PRESS RELEASE
Why the Post’s Campaign Against Glass-Steagall?
Jan. 20, 2016 (EIRNS)—It is astonishing that the Washington Post should run exactly the same, lengthy "Fact Checker" column on two consecutive Sundays—Jan. 10 and Jan. 17—with no explanation, nor even a note on the fact that it was publishing the identical edition of this regular column a second time.
But consider that this column was an attempt to debunk the idea that the Glass-Steagall Act would have stopped Wall Street from causing the 2008 global financial crash. That suggests what the Post is up to, as does regular columnist Catherine Rampell’s furious anti-Glass-Steagall rant Jan. 20, and other pieces in the same vein.

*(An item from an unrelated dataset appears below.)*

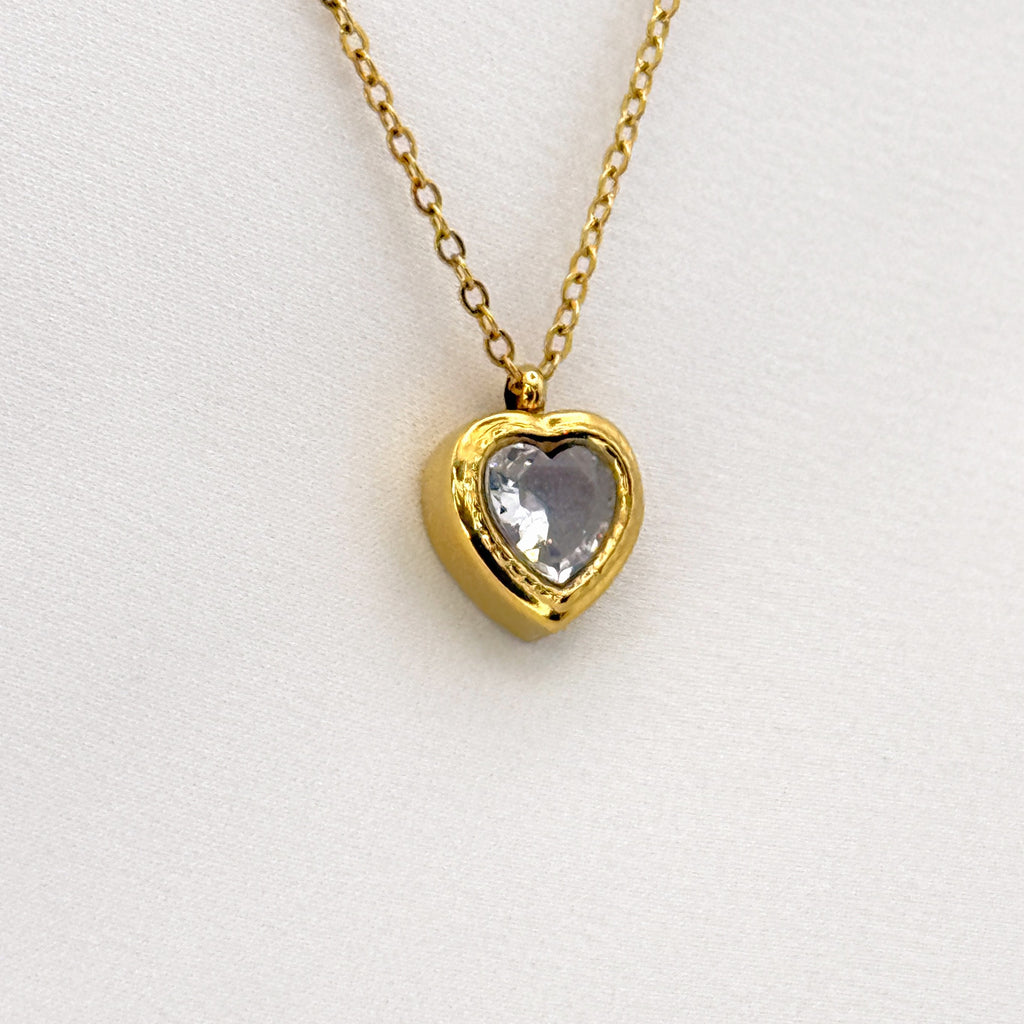 Κολιέ Ατσάλινο Heart Solitaire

This "Fact Checker" column, by regular author Glenn Kessler, intended to disprove Sen. Bernie Sanders’ widely reported New York speech, asserting that Glass-Steagall would have stopped the big commercial bank holding companies from lending vast sums to "shadow banks"—hedge funds, investment banks, private equity funds, money market mutual funds, etc.—for securities speculation. The activities of those London and Wall Street "non-banks" clearly triggered the 2008 crash, by their wildly leveraged securities and derivatives speculations. But who provided them the leverage?
Washington has been told ad infinitum by President Obama, Tim Geithner, Barney Frank et al. that since Glass-Steagall regulated and limited the activities of commercial banks, it would not have regulated or limited the fatal activities of these shadow banks. That requires believing a fairy tale: that commercial bank holding companies, post Glass-Steagall, did not move trillions of deposit money into securities speculation, by and with "non-banks," blowing up the shadow bank sector until it was larger than the banking sector itself, and inextricably entangled with it. The collapse of one—Lehman—then meant the collapse of all. Eleven of the 12 largest U.S. bank holding companies were insolvent when bailed out in September-October 2008, according to the later testimony of Fed Chairman Ben Bernanke to the Angelides Commission.
The repealed Glass-Steagall Act mandated the following regarding commercial banks and their holding companies:
[Sec. 3 (a)] Each Federal reserve bank shall keep itself informed of the general character and amount of the loans and investments of each of its member banks with a view to ascertaining whether undue use is being made of bank credit for the speculative carrying of or trading in securities, real estate, or commodities, or for any other purpose inconsistent with the maintenance of sound credit conditions;... The chairman of the Federal Reserve Bank shall report to the Federal Reserve Board any such undue use of bank credit by any member bank...." [emphasis added].
Kessler, "checking facts" with various Ivory Tower authorities, seemed not to have checked this section of the law. In his lengthy survey of opinions, he cited only one person, James Rickards, who is actually familiar—from many years’ legal consulting for banks and hedge funds—with the facts of operation of this Glass-Steagall mandate. Rickards’s experience made him crystal clear: He wrote a Forbes column in 2012 titled, "Repealing Glass-Steagall Caused the 2008 Crash." Rickards told Kessler that Fed Chairman Alan Greenspan used a specific Fed rule to give banks exceptional, case-by-case permission to lend to shadow banks despite the Glass-Steagall Act. Greenspan publicly campaigned to kill Glass-Steagall while he was supposed to be enforcing it. After he killed it, banks no longer needed to obtain specific permission from the Fed to violate Glass-Steagall. They then threw their deposit bases, whole hog, into shadow banking and derivatives, and got themselves into serious trouble this way already in 1998-99, with the dangerous derivatives operations of the infamous LTCM hedge fund.
Did the Post run this "Fact Checker" two weeks in a row by mistake? Or, with another crash—worse than 2008—now in early stages, has it joined Wall Street’s "anything, anything but Glass-Steagall" campaign?